Spacetime is two directions of measurement. So the constant arises as the dynamic balance of measurements across these two directions. The units within each dimension flexes to reflect this.

So yes, the units with which we measure distance and duration are not constant in some independent newtonian fashion. They are dependent in a relativistic fashion. A constant can only arise as a balance point that equilibrates action.

A top-down resolution approach then says that spacetime would become grainy on the most local view. Or at least break down radically at a limiting scale.

16. Dec 15, 2009

### Staff: Mentor

I agree with Baez on this. The dimensionless ones are really the more fundamental ones. It is an enjoyable and valuable exercise to go through, it turns out that if the dimensionful physical constants (e.g. c, h, G) change in such a way that the dimensionless physical constants (e.g. fine structure constant) are unchanged then none of our measurements will change, but if the dimensionless constants are changed then we can measure something different. In other words, physics is not sensitive to changes in dimensionful constants, only dimensionless constants. So the dimensionless constants are the ones that describe physics. See:
https://www.physicsforums.com/showpost.php?p=2011753&postcount=55
https://www.physicsforums.com/showpost.php?p=2015734&postcount=68
It sounds like you are thinking of geometrized units where mass is given dimensions of length: http://en.wikipedia.org/wiki/Geometrized_unit_system

17. May 22, 2010

### SdogV

18. May 23, 2010

### apeiron

19. May 25, 2010

### SdogV

Trying, but little follow up so far. Printed out their revised Feb 2, 2008 (arXiv:0711.4276v2 [physics.class-ph] 4 Dec 2007) version. Clearly it's possible significance lies in unveiling a clue to a relation between inertial and "active" gravitational mass. (Note # 14 in references)
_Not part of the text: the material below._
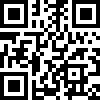 https://hawzahnews.com/x5xqf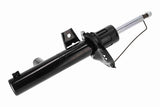 Shock Absorber - V10-7847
So, the juggling required to make the ratio of units in masses, G to h protocols, equal to 1 is quite interesting. Not ready to report it....yet.

20. May 27, 2010

I find the dimensional constants most interesting, because they relate to what I think is the most fundamental question about the physical world, i.e. why its structure has the specific set of parameters that it has. Physics has a large and very disparate set of parameters, all of which are defined in terms of the others through its fundamental equations.

So far, it seems to me, physical theory has not really tried to understand the structure of this complicated web of inter-reference. Instead, in searching for a “unified” theory, the goal has been to reduce the number of parameters to a minimum – ideally, the “final” theory would reveal a single mathematical pattern involving as few parameters as possible. I suppose this preference for a purely mathematical foundation would be a reason for looking to the dimensionless parameters as more fundamental.

But this assumes that the differences between physical parameters are inessential. In other threads I’ve argued that the profound structural differences among these parameters – space and time, mass and charge, energy and momentum, etc. etc. – are required in order that any of them be observable / measurable.

If we assume there is a reason why the universe is organized so that every observable has a set of other observables in terms of which it can be defined and measured, then a logical place to begin an analysis of this inter-referential structure would be with the dimensional constants – each of which seems to have a unique character.

For example, Planck’s constant describes a minimal unit of action – a kind of “atom of happening” between things. Is there any other irreducible unit in physics? The speed of light defines a maximal velocity, which also defines null-vectors in spacetime. And the gravitational constant says something still quite mysterious about the connection between mass and the spacetime metric.

It’s not the numeric value of these constants that’s significant – as noted above, their values depend entirely on the units we choose to express them in. And they’re not necessarily more basic to the structure of the physical world than the dimensionless constants. But I think they must represent the key interdependencies that we ultimately need to understand.